> WHAT IS REQUIRED
Print exactly what appears from the line containing "Medium Duty Box" through the final line of the data below, pictures excluded.

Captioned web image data

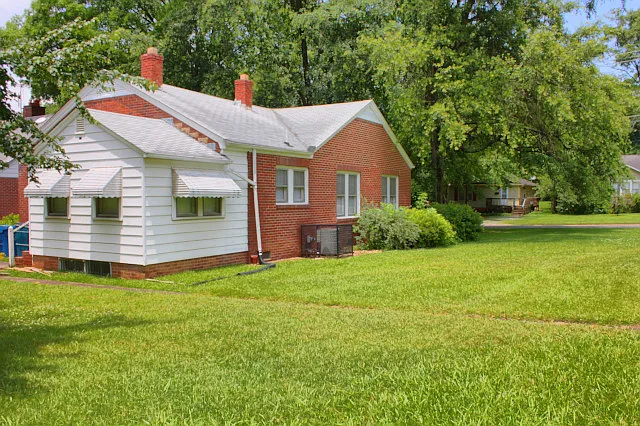303 W Carver St — Photo 9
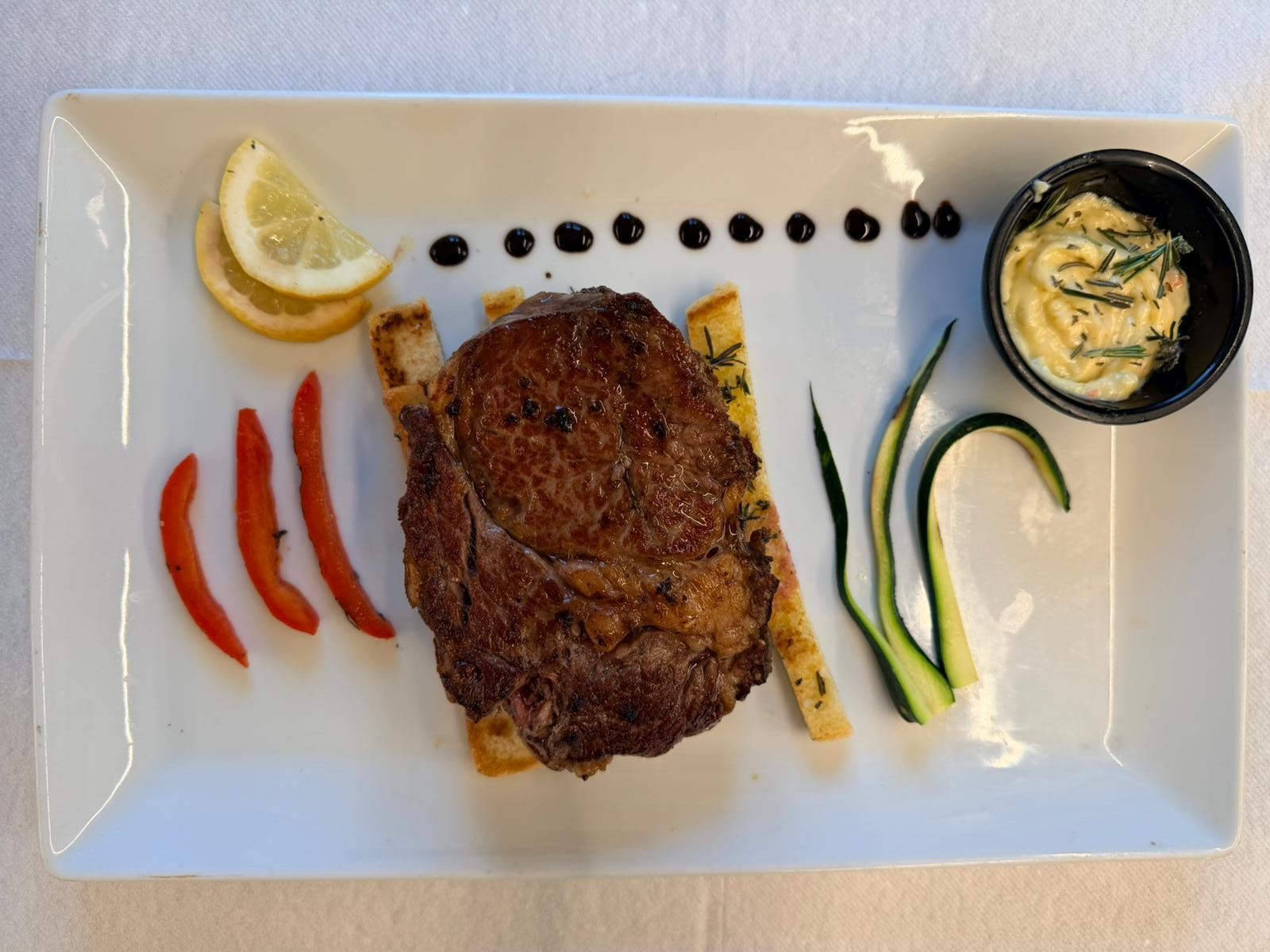 Taglio selezionato di carne alla brace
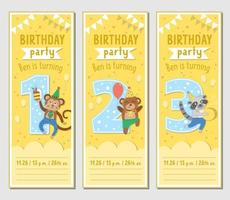 Satz von Grußkartenvorlagen für Geburtstagsfeiern mit süßen Tieren und 1, 2, 3 Zahlen. vertikales Jubiläumsposter oder Einladung für Kinder. Feiertagslesezeichenillustration mit Affen, Bären, Waschbären vektor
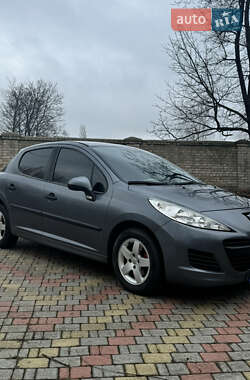 Хетчбек Peugeot 207 2010 в Врадіївці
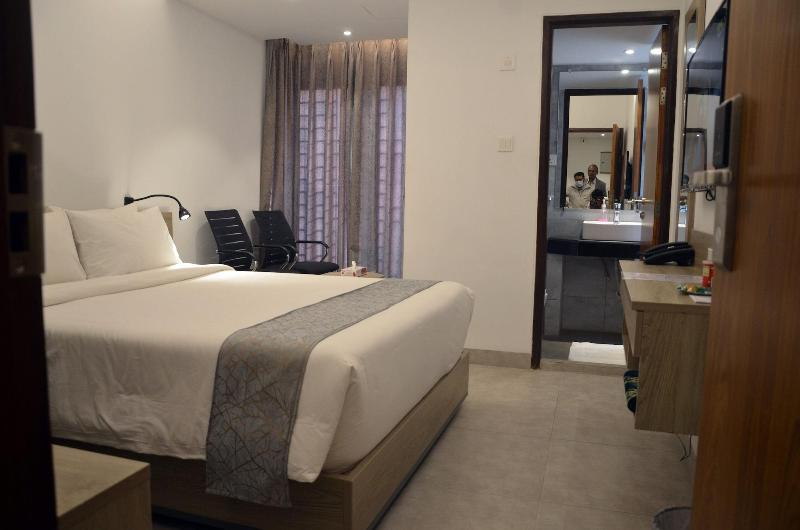 Priyo Nibash Stylish Residential Hotel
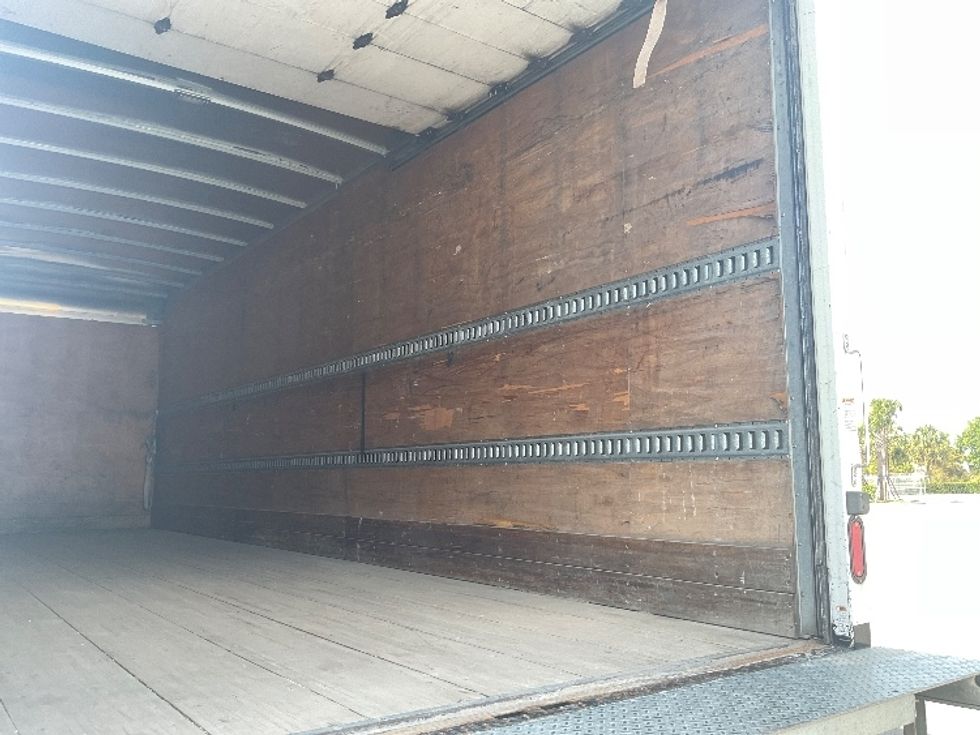 Medium Duty Box Truck-Light and Medium Duty Trucks-Hino-2019-268-Tampa-FL-217,745\n\t\tmiles-$ 41,250 - Image 12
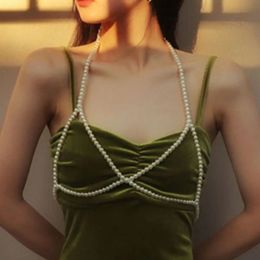 INS perles d'imitation faites à la main nœud papillon collier de corps sexy chaîne de poitrine bijoux de corps pour femmes perles de luxe haut soutien-gorge chaîne de poitrine 240122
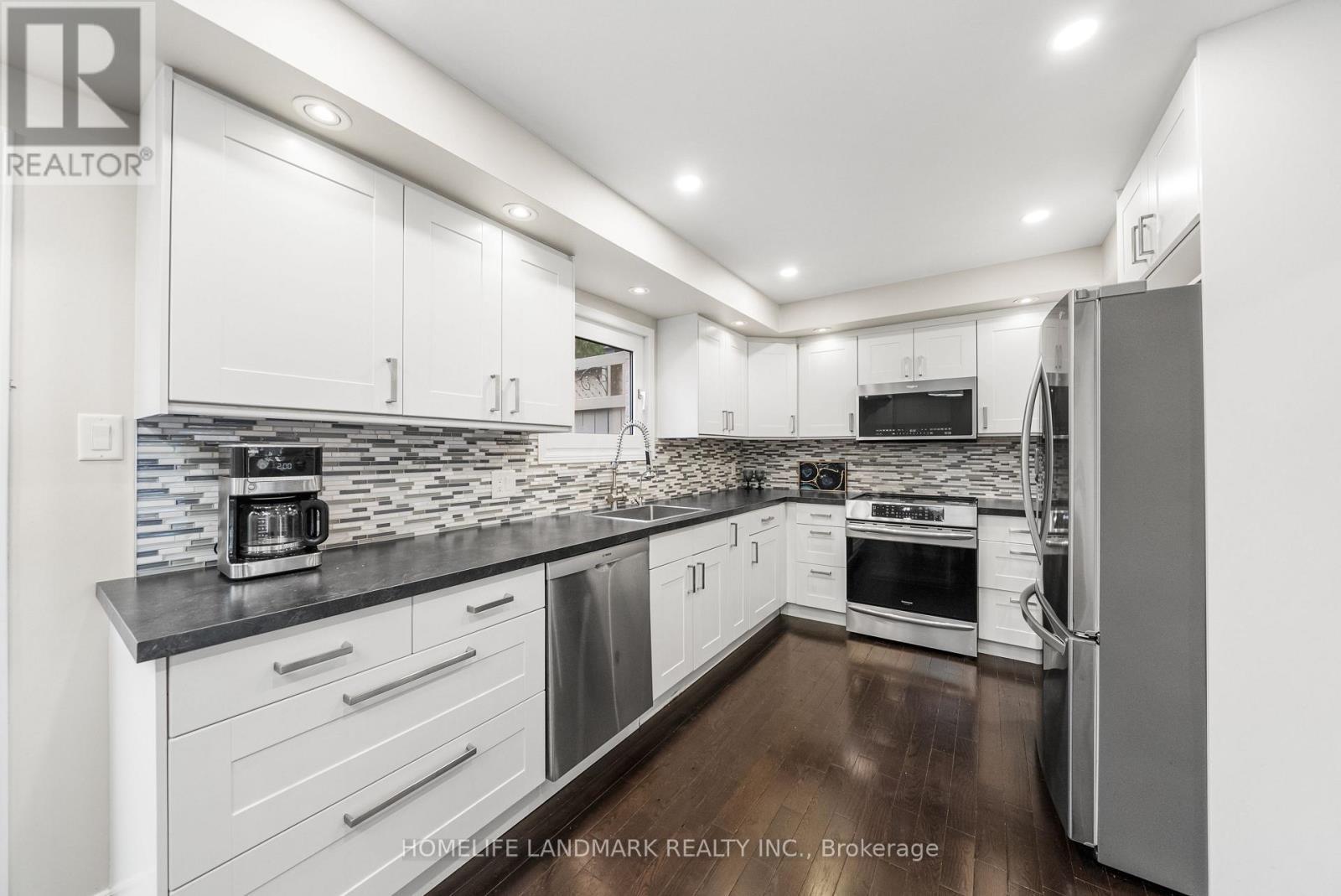 333 Rannie Road, Newmarket, ON - Indoor Photo Showing Kitchen With Upgraded Kitchen
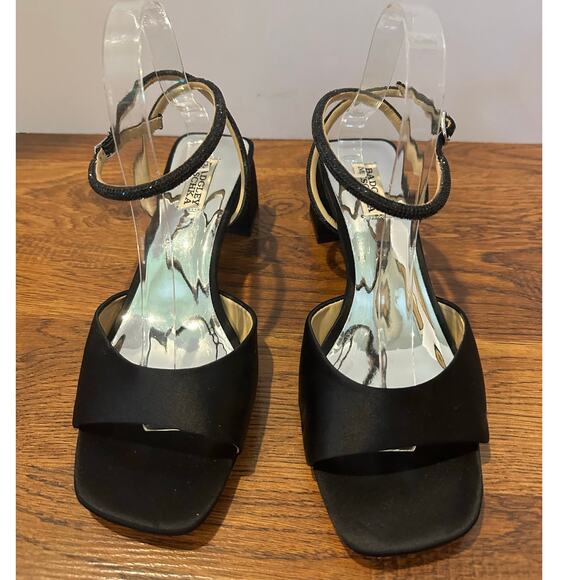 Badgley Mischka Infinity Embellished Mid Block Heel Sandals Black Satin Sz 9.5 - Picture 3 of 9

> ANSWER BOX
 Medium Duty Box Truck-Light and Medium Duty Trucks-Hino-2019-268-Tampa-FL-217,745\n\t\tmiles-$ 41,250 - Image 12
 INS perles d'imitation faites à la main nœud papillon collier de corps sexy chaîne de poitrine bijoux de corps pour femmes perles de luxe haut soutien-gorge chaîne de poitrine 240122
 333 Rannie Road, Newmarket, ON - Indoor Photo Showing Kitchen With Upgraded Kitchen
 Badgley Mischka Infinity Embellished Mid Block Heel Sandals Black Satin Sz 9.5 - Picture 3 of 9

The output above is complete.